In [1]:
import matplotlib.pyplot as plt
import seaborn
import pandas as pd
import numpy as np
import math
import sh

IOSTAT_COLUMNS = ['r/s', 'w/s', 'kr/s', 'kw/s', 'wait', 'actv', 'wsvc_t', 'asvc_t', '%w', '%b', 'device']
TEST_CONFIG = 'fixed-rate-submit'
DISK_CONFIG = 'hdd'

NJOBS = [1, 2, 4, 8, 16, 32, 64, 128, 256, 512, 1024]
NDISKS = [1, 2, 4, 8]

DISKS = ['c1t1d0', 'c1t2d0', 'c1t3d0', 'c2t0d0', 'c2t1d0', 'c2t2d0',
         'c4t0d0', 'c4t1d0', 'c4t2d0', 'c3t0d0', 'c3t1d0']

seaborn.set()
seaborn.set_context('talk')

jq = sh.jq.bake('-M', '-r')

def fio_iops_series(directory):
    iops = []
    for njobs in NJOBS:
        data = jq('.jobs[0].write.iops', '{:s}/fio-{:d}-jobs/fio.json'.format(directory, njobs))
        iops.append(float(data.strip()))
    return pd.Series(iops, NJOBS)

def fio_latency_series(directory):
    latency = []
    for njobs in NJOBS:
        data = jq('.jobs[0].write.lat.mean', '{:s}/fio-{:d}-jobs/fio.json'.format(directory, njobs))
        latency.append(float(data.strip()))
    return pd.Series(latency, NJOBS)

def iostat_column_series(column, directory, ndisks):
    jobavgs = []
    for njobs in NJOBS:
        diskavgs = pd.Series()
        for disk in DISKS[0:ndisks]:
            data = pd.read_csv('{:s}/fio-{:d}-jobs/iostat-{:s}.txt'.format(directory, njobs, disk),
                               delim_whitespace=True, header=None, names=IOSTAT_COLUMNS, skiprows=5)
            diskavgs[disk] = data[column].mean()
        jobavgs.append(data[column].mean())
    return pd.Series(jobavgs, NJOBS)

def get_pctchange_dataframe(project, master):
    diff = pd.DataFrame()
    for plabel, mlabel in zip(project, master):
        new = project[plabel]
        old = master[mlabel]
        diff[plabel.replace('project - ', '')] = 100 * ((new - old) / old)
    return diff

def plot_iops_dataframe(df):
    df.plot(figsize=(16, 9), style='-o')
    plt.title('fio -- write iops vs. fio threads')
    plt.xlabel('number of fio threads issuing writes')
    plt.ylabel('write iops reported by fio')
    plt.loglog(basey=2)
    plt.xticks(df.index, df.index)
    plt.show()

def plot_latency_dataframe(df):
    df.plot(figsize=(16, 9), style='-o')
    plt.title('fio -- average write latency vs. fio threads')
    plt.xlabel('number of fio threads issuing writes')
    plt.ylabel('average write latency reported by fio (microseconds)')
    plt.loglog(basey=2)
    plt.xticks(df.index, df.index)
    plt.show()

def plot_iostat_column_dataframe(df, column):
    df.plot(figsize=(16, 9), style='-o')
    plt.title('iostat -- {:s} vs. fio threads'.format(column))
    plt.xlabel('number of fio threads issuing writes')
    plt.xscale('log')
    plt.xticks(df.index, df.index)
    plt.show()
In [2]:
master_latency = pd.DataFrame()
master_iops = pd.DataFrame()
master_busy = pd.DataFrame()
for i in NDISKS:
    directory = 'openzfs-447-perf/{:s}/master/{:d}-{:s}'.format(TEST_CONFIG, i, DISK_CONFIG)
    label = 'master - {:d} {:s}'.format(i, DISK_CONFIG)
    master_latency[label] = fio_latency_series(directory)
    master_iops[label] = fio_iops_series(directory)
    master_busy[label] = iostat_column_series('%b', directory, i)

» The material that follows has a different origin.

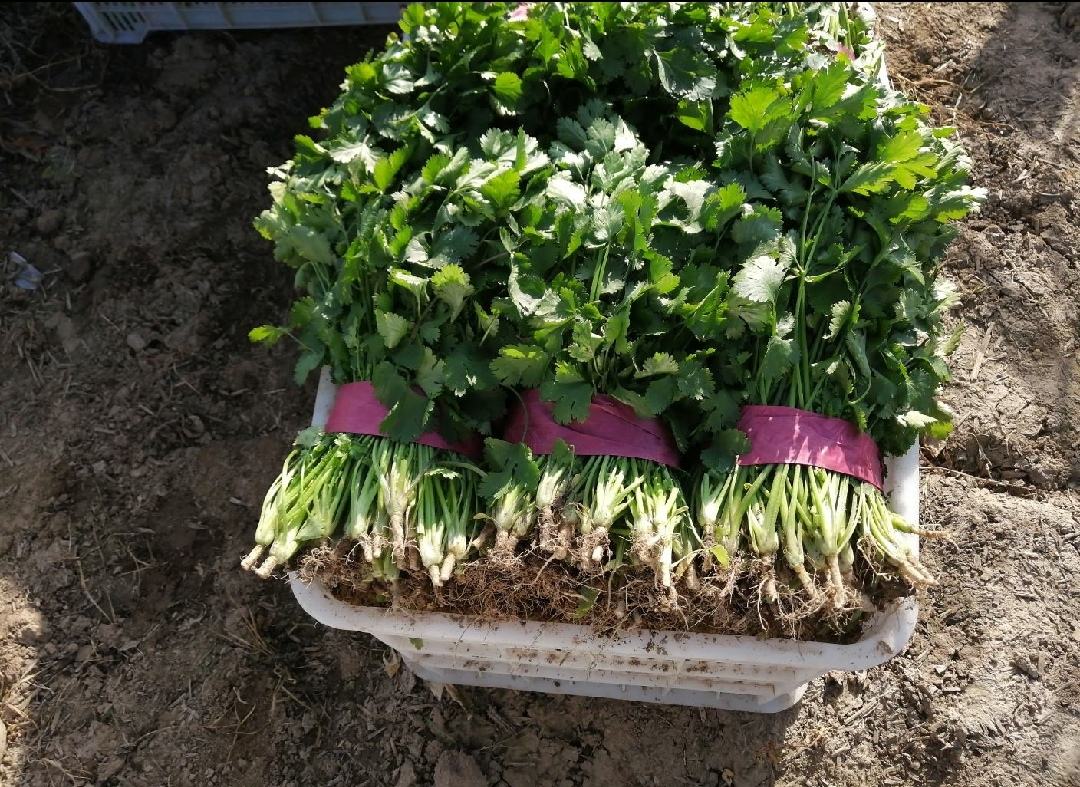 新鲜大叶香菜在市场摊位上展示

project_latency = pd.DataFrame()
project_iops = pd.DataFrame()
project_busy = pd.DataFrame()
for i in NDISKS:
    directory = 'openzfs-447-perf/{:s}/project/{:d}-{:s}'.format(TEST_CONFIG, i, DISK_CONFIG)
    label = 'project - {:d} {:s}'.format(i, DISK_CONFIG)
    project_latency[label] = fio_latency_series(directory)
    project_iops[label] = fio_iops_series(directory)
    project_busy[label] = iostat_column_series('%b', directory, i)

pctchange_latency = get_pctchange_dataframe(project_latency, master_latency)
pctchange_iops = get_pctchange_dataframe(project_iops, master_iops)

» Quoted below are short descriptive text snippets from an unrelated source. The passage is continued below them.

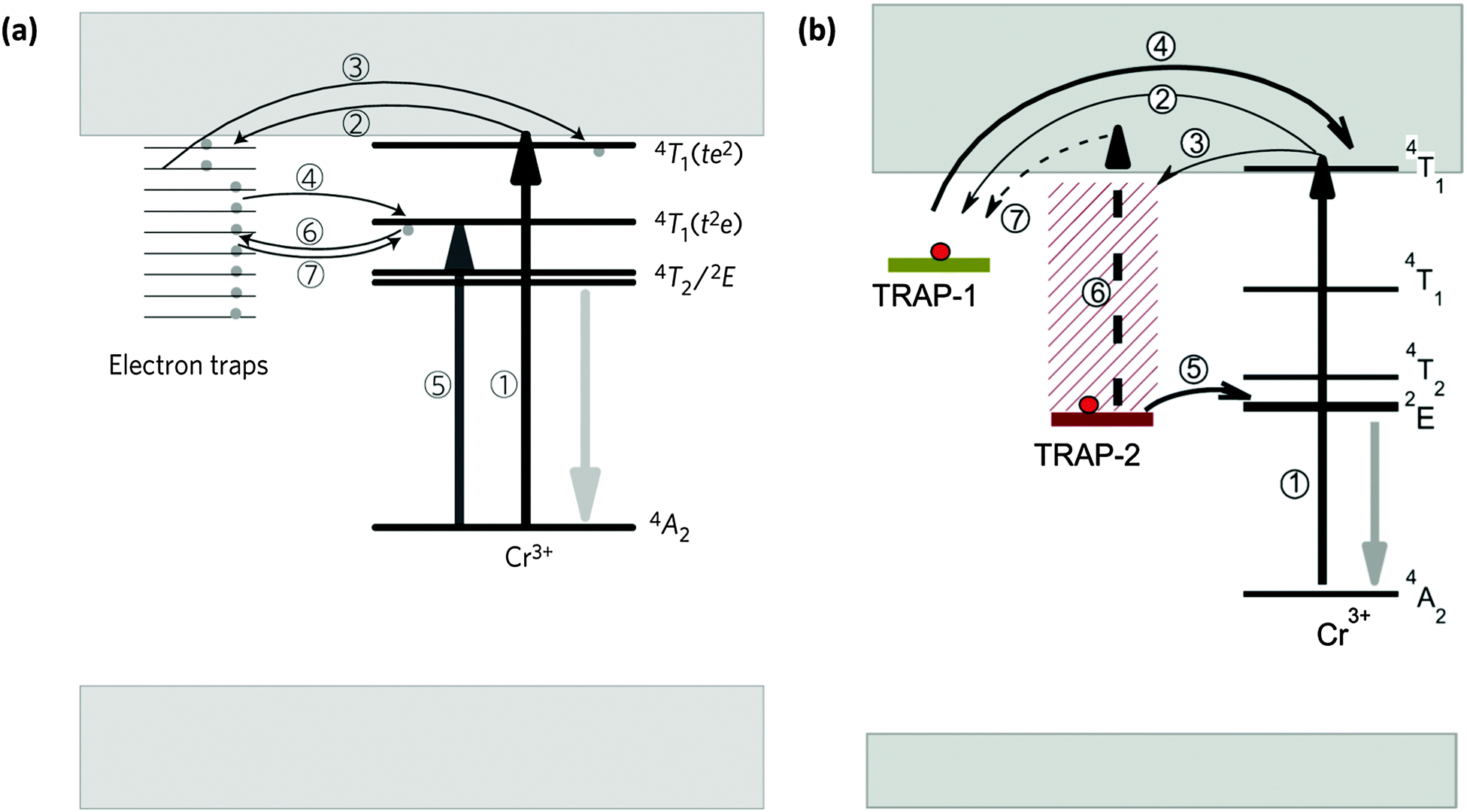 Long persistent phosphors—from fundamentals to applications Long persistent phosphors—from fundamentals to applications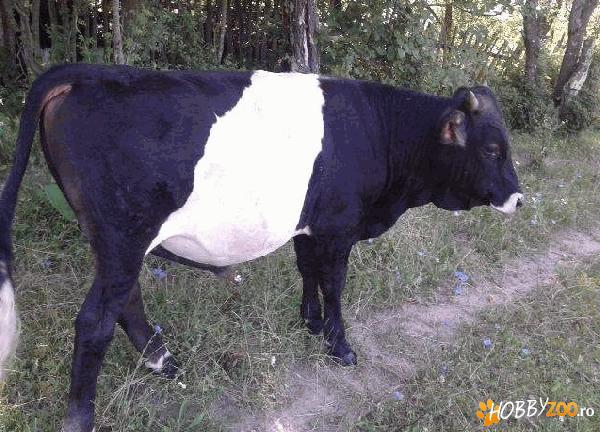 vaca rasa albastru belgian    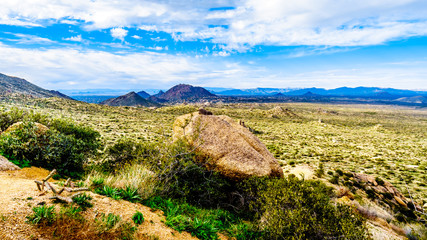 View of the Valley of the Sun and the rugged rocky mountains in the McDowell Mountain Range around Phoenix, Arizona viewed from the Tom's Thumb Trail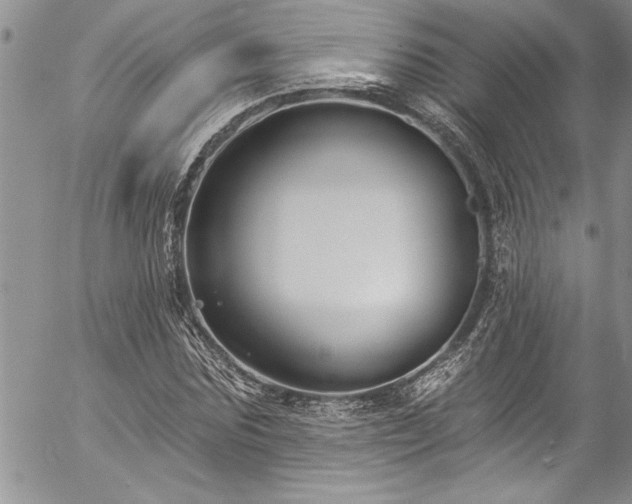 X0000057090875200509091311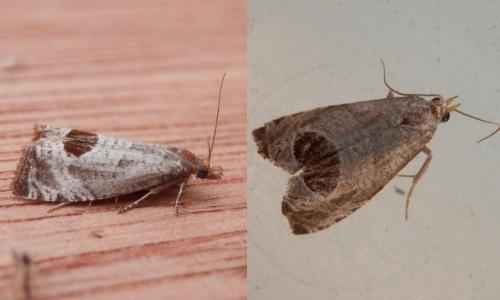 Notocelia uddmanniana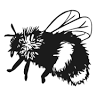 Busy Bee Organics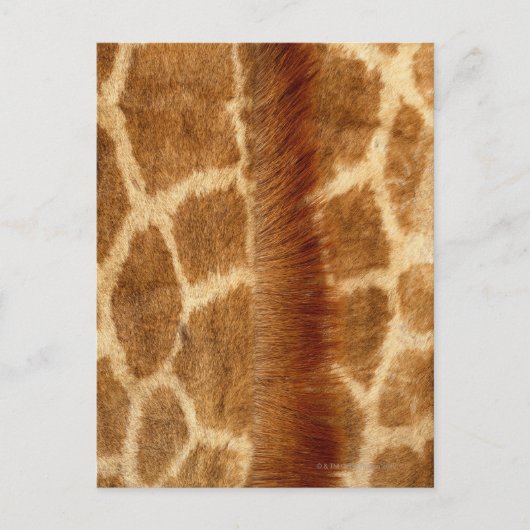 Giraffe Fur Briefkaart (Voorkant)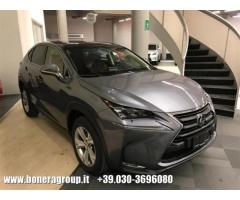 LEXUS NX 300h Hybrid 4WD Luxury - Immagine 2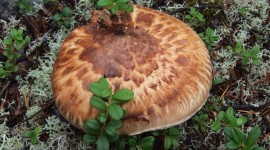 The matsutake mushrooms Pics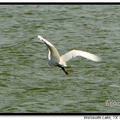 Little Egret 小白鷺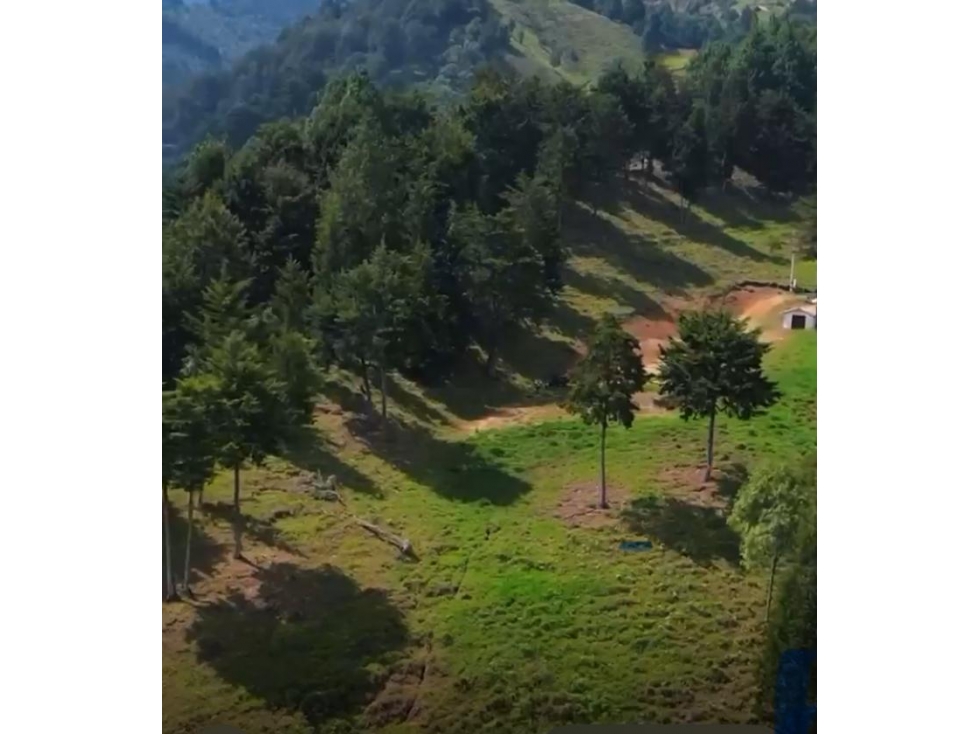 Amplio lote con vista a Medellín y entorno natural en Envigado.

OpenZFS #447 Performance Results - Fixed Rate Submit on HDDs

Workload Details

This workload consisted of using fio to drive synchronous writes, while varying the number of threads used by fio. Each fio thread would issue writes to a unique file, using sequential file offsets, pwrite, O_SYNC, a blocksize of 8k, and a queue depth of 1 (i.e. each thread performing a single write at a time). Additionally, each thread would attempt to acheive a bandwidth of about 64 writes per second; i.e. after a write completes, the thread may artficially delay, such that it doesn't exceed its target of 64 write operations per second. Here's the fio configuration used to acheive this:

[global]
group_reporting
clocksource=cpu
ioengine=psync
fallocate=none
blocksize=8k
runtime=60
time_based
iodepth=1
rw=write
thread=0
direct=0
sync=1

# Real world random request flow follows Poisson process. To give better
# insight on latency distribution, we simulate request flow under Poisson
# process.
rate_process=poisson
rate_iops=64

[zfs-workload]

The command line flag --numjobs was used to vary the number of threads used for each invocation, ranging from a single thread to 1024 threads.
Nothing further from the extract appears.